__Exercise__:
A faithful copy of the data, pictures omitted, is the required answer.

__Extracted records__:
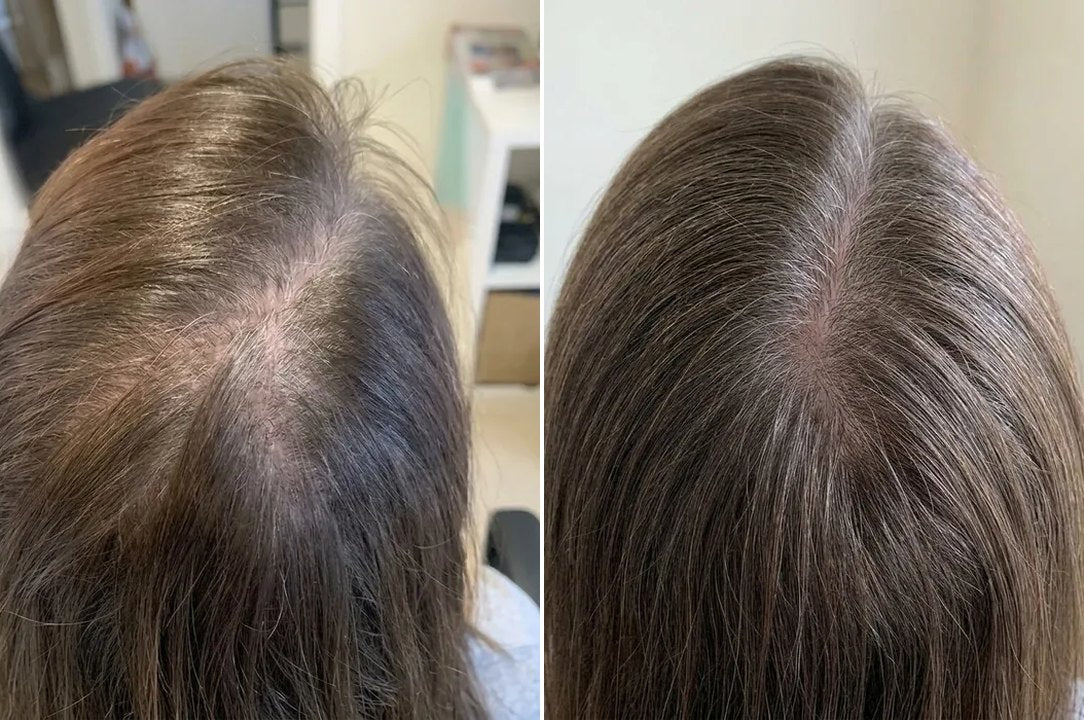 Laura B.'s crown before, and 20 weeks later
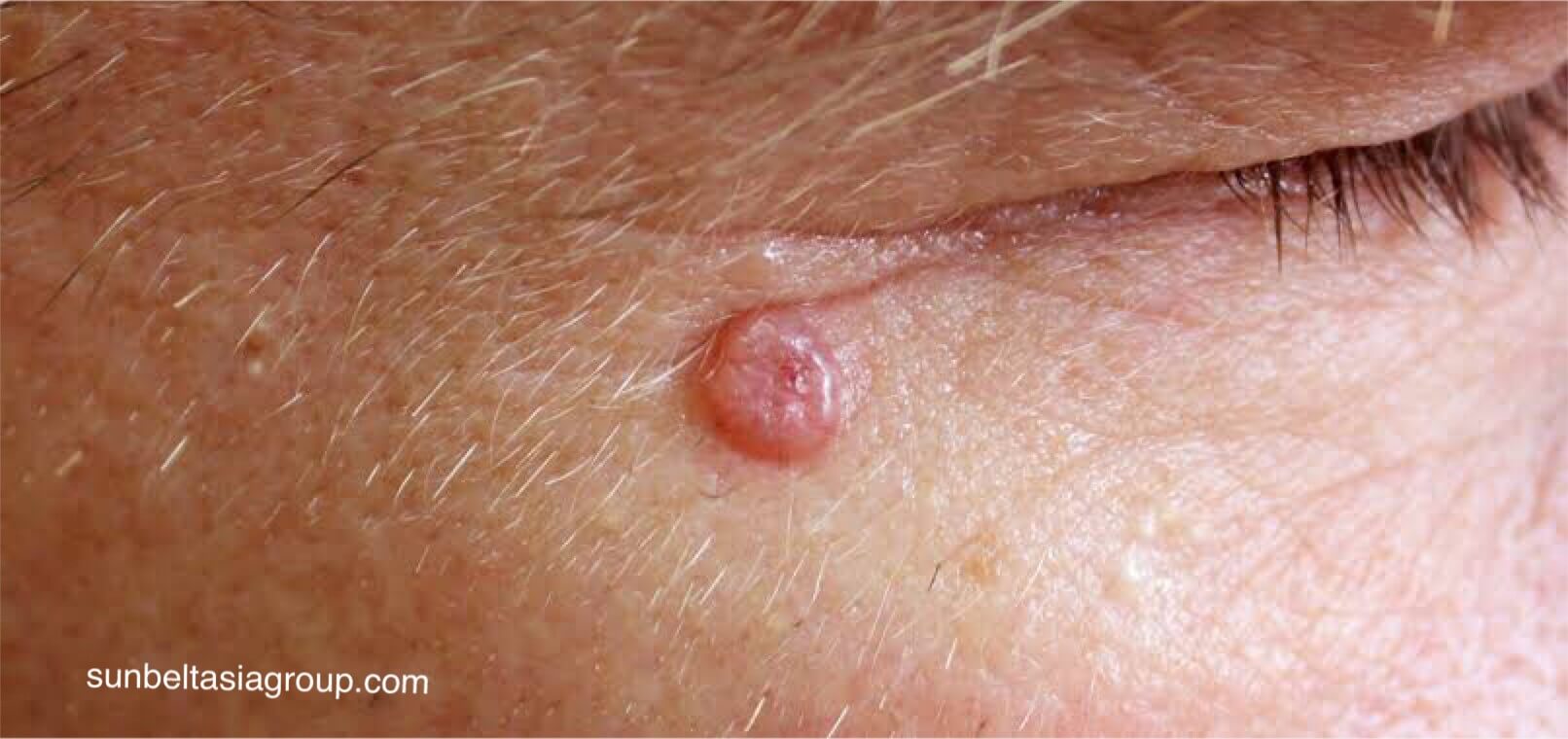 Basal cell carcinoma มะเร็งผิวหนัง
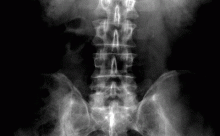 xray spine, chiropractic for low back pain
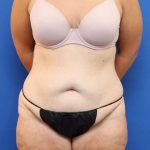 Tummy Tuck Before & After Patient #1343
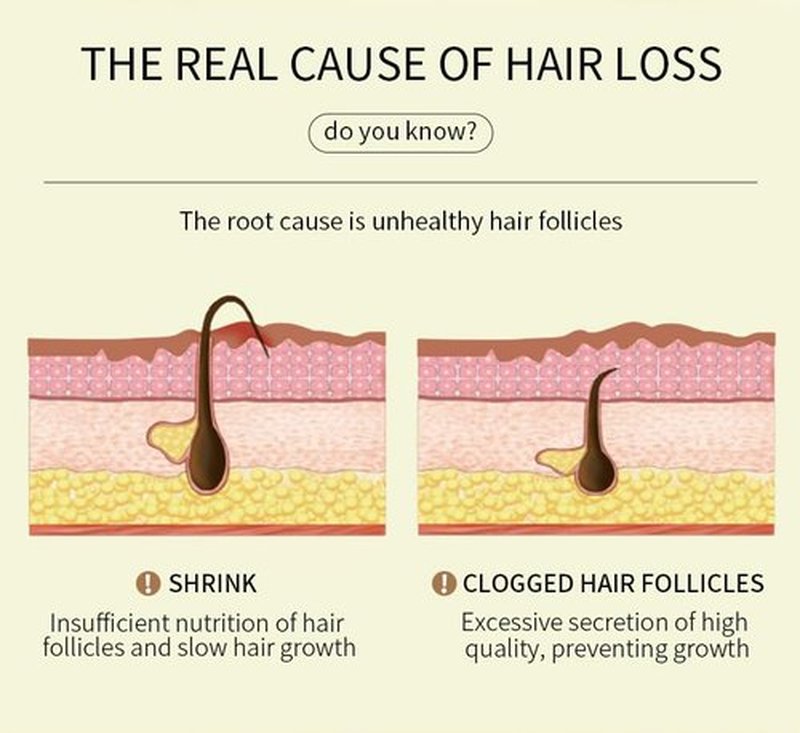 180 ML EELHOE Hair Growth Oil, Natural Rosemary Hair Growth Oil for Dry Damaged Hair and Growth Thin Hair. (3Pcs)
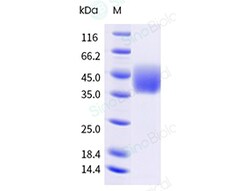 Sino Biological&nbsp;Recombinant Cynomolgus Growth Hormone Receptor Protein (His Tag), HPLC-verified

__Response to this task__:
 Laura B.'s crown before, and 20 weeks later
 Basal cell carcinoma มะเร็งผิวหนัง
 xray spine, chiropractic for low back pain
 Tummy Tuck Before & After Patient #1343
 180 ML EELHOE Hair Growth Oil, Natural Rosemary Hair Growth Oil for Dry Damaged Hair and Growth Thin Hair. (3Pcs)
 Sino Biological&nbsp;Recombinant Cynomolgus Growth Hormone Receptor Protein (His Tag), HPLC-verified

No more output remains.